Wanted is that mythical film, even though this is a fairly hyped vehicle with big names, a movie with no buzz that pretty much shows up and kicks the shit out of the competition. Trailers or TV spots may have made you wary or made you think that this film is going to be somewhat fun but mediocre. Even the critics will have you believe that this film is fun, but they give backhanded complements while warning you away with claims that the movie is too dumb, too vulgar, too violent, too brutal to really  be any good. The condescension rolls off the media in waves and the audiences may or may not keep showing up in droves to see it. But this movie is fun. Fuckloads of fun.

The critics will often remind you that it's a stupid story because it's based on a comic book. Some critics will even go so far as to say that it's stupid because it's not enough like the comic. Having followed up the movie by reading the comic, I can tell you for a fact that the film and the comic have about as much in common as Green Eggs & Ham and Citizen Kane. I mean, I know that both of them are in English and feature characters, but that's about it. All that's left of the semi-retarded tale of supervillains at war with each other is a few lines of dialogue and a framing element of backstory for our lead, who is instead enlisted into a league of assassins tasked with doing the murderous work of Fate.

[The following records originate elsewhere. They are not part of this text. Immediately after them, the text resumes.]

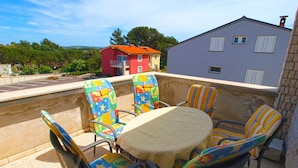 A patio with a round table and six chairs, each with colorful upholstery.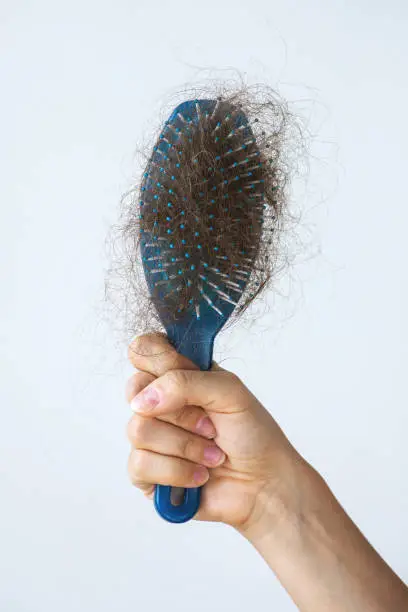 Photo of Hairbrush with a lot of female hair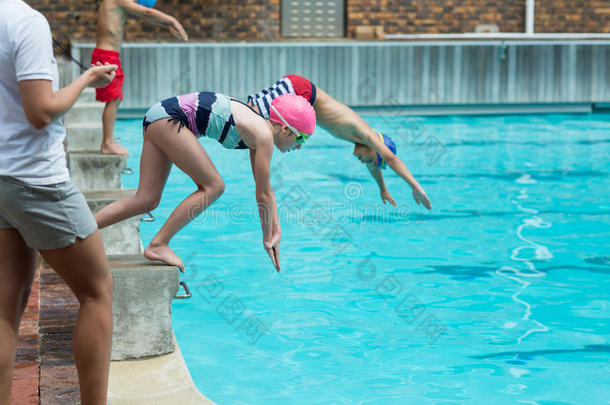 女指导员监测儿童在游泳池潜水的时间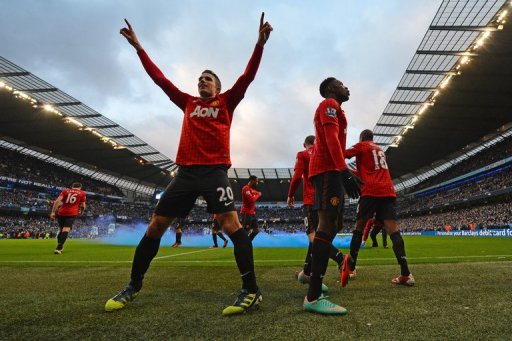 Man United's players celebrate Robin Van Persie's (L) goal against Man City, at the Etihad stadium, on December 9, 2012 Man United's players celebrate Robin Van Persie's (L) goal against Man City, at the Etihad stadium, on December 9, 2012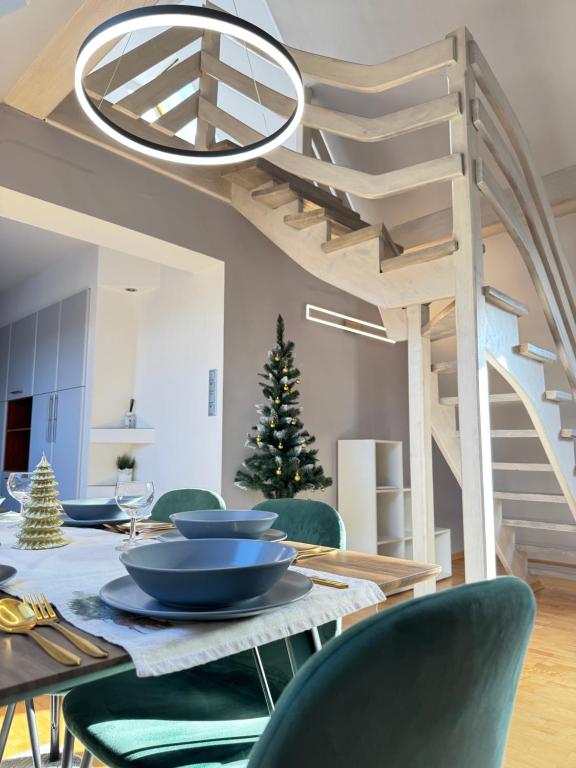 een eetkamer met een tafel met groene stoelen en een trap bij Apartament Irys in Zakopane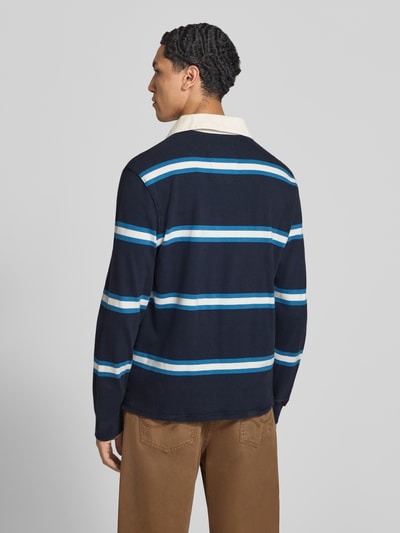 Männermodel trägt Poloshirt aus reiner Baumwolle von Superdry, dunkelblau mit weißen und hellblauen Streifen, gerader Schnitt, Rückenansicht, KI-modifiziertes Bild.
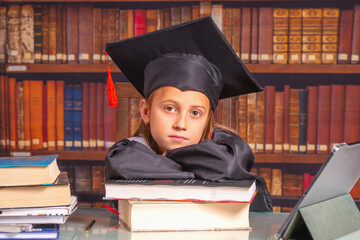Young beautiful happy female student wearing academic dress and graduation cap. Education,...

Now, the film could go really badly and be even more stupid than the comic whose name it borrowed. Especially given its direction by Timur Bekmambetov, responsible for the adaptation and direction of the stylish but not very sensible Night Watch and Day Watch, who I'm still angry with for Day Watch. But the film is savvy, vulgar, and straight up fucking awesome. It cracks open your skull and shits Awesome onto your brain for a full two hours. If you don't like that, I don't think there's hope for you. The only people who won't like this are A.) people offended by vulgarity, B.) people squeamish with violence, and C.) fucking pussy-ass haters who just want to complain about good things while jerking off over mindless bullshit like the latest Indiana Jones movie. If you fall into Category C, please spend the next ten minutes slamming your dick in a car door. I'll wait.

If you can handle your carnage and dark humor with a happy grin, then this movie is the new high-water mark for film-making. As far as summer films go in this year of big names and even bigger hype, it blows away even the likes of Iron Man, who's left sitting miles behind it, wondering what the fuck just happened. It's not Shakespeare, but never claims to be more than amusing and stunningly good-looking headshot of adrenaline and bloodshed. Avoid seeing it only at your own peril. You don't want to miss it in the theater.